Les conséquences induites par la loi NOTRe peuvent parfois aller jusqu’à la fusion d’Epl. C’est la stratégie qui a été retenue par la Société d’équipement du département du Doubs (SedD). « Les effets de la loi conjugués à la baisse importante des moyens financiers des collectivités ont entrainé la baisse de notre chiffre d’affaires. Cela nous a fait réfléchir sur la diversification de nos activités« , explique son président, Vincent Fuster. Résultat ? « Un nouveau plan stratégique pour diversifier nos métiers, s’adresser davantage au secteur privé et renforcer notre présence sur les territoires voisins. »

Cette stratégie s’est traduite par des contacts pris avec de nombreuses Epl en allant jusqu’à Mulhouse avec la Sem Citivia. Une rencontre qui a abouti à une charte de partenariat entre les 2 Sem permettant des réponses communes à des appels d’offres plus importants.

Les différents schémas de réorganisation

1. Cession d’une partie des actions du département (cf. annexes : exemples de Teractem et Tandem) :la cession d’actions peut être l’occasion de faire rentrer ou de renforcer la présence du conseil régional dans le capital,- la cession peut faire entrer l’ensemble des intercommunalités d’un département pour renforcer l’ancrage territorial. Teractem évoque le schéma d’une « Sem de collectivités départementales » et petites communes). Ce dernier cas concerne plus des Sem d’aménagement proposant des services aux collectivités,- la cession d’actions peut se faire simplement au bénéfice d’une agglomération.

2. Actionnariat inchangé mais avec une modification de l’objet social.
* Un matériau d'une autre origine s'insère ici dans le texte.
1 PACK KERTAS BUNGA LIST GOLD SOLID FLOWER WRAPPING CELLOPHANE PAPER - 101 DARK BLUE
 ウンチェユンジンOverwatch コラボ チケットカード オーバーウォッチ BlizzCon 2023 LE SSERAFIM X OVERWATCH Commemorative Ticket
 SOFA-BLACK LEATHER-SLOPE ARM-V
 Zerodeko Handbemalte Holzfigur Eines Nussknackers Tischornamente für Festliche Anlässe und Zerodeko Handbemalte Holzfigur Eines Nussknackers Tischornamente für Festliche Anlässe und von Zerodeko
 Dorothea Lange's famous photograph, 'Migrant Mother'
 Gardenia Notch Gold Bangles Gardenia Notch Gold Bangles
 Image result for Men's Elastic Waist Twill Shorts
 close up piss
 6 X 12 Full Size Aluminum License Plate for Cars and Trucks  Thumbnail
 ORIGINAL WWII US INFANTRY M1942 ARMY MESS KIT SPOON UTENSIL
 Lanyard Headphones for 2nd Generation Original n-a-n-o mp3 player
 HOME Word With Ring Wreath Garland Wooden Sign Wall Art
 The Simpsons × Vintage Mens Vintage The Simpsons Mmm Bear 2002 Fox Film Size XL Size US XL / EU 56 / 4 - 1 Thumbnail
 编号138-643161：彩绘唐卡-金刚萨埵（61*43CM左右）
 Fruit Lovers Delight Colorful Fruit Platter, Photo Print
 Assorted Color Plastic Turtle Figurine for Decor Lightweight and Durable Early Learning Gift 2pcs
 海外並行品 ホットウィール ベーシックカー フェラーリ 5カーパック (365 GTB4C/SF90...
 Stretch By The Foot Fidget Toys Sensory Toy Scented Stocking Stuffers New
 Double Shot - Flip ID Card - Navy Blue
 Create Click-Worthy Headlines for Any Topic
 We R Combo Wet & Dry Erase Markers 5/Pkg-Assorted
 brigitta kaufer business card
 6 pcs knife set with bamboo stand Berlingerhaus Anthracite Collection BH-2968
Exemple de Vendée Expansion.

3. Fusion d’Epl départementales avec pour objectif le développement de synergies opérationnelles et la mutualisation des compétences et des moyens. Exemple de la Sem Sedia qui intervient dans le Doubs, le Jura et la Haute-Saône.

Autre illustration de cette démarche : une réflexion commune avec la Société comtoise d’aménagement et de développement (Socad). « Durant un an, nous avons élaboré ensemble 4 scénarios possibles et, au final, c’est celui de la fusion qui l’a emporté », détaille Vincent Fuster. Alors que dans la SedD, le département du Doubs représentait 15 % du capital, ceux du Jura et de la Haute-Saône étaient majoritaires dans celui de la Socad. L’intérêt de cette fusion ? « Mutualiser et diversifier nos activités sur davantage de territoires », répond le PDG de Sedia, la nouvelle Sem officiellement créée le 7 novembre dernier. Elle vise à mettre en place une synergie opérationnelle, une mutualisation des compétences et des moyens afin d’asseoir sa position face à une concurrence privée forte.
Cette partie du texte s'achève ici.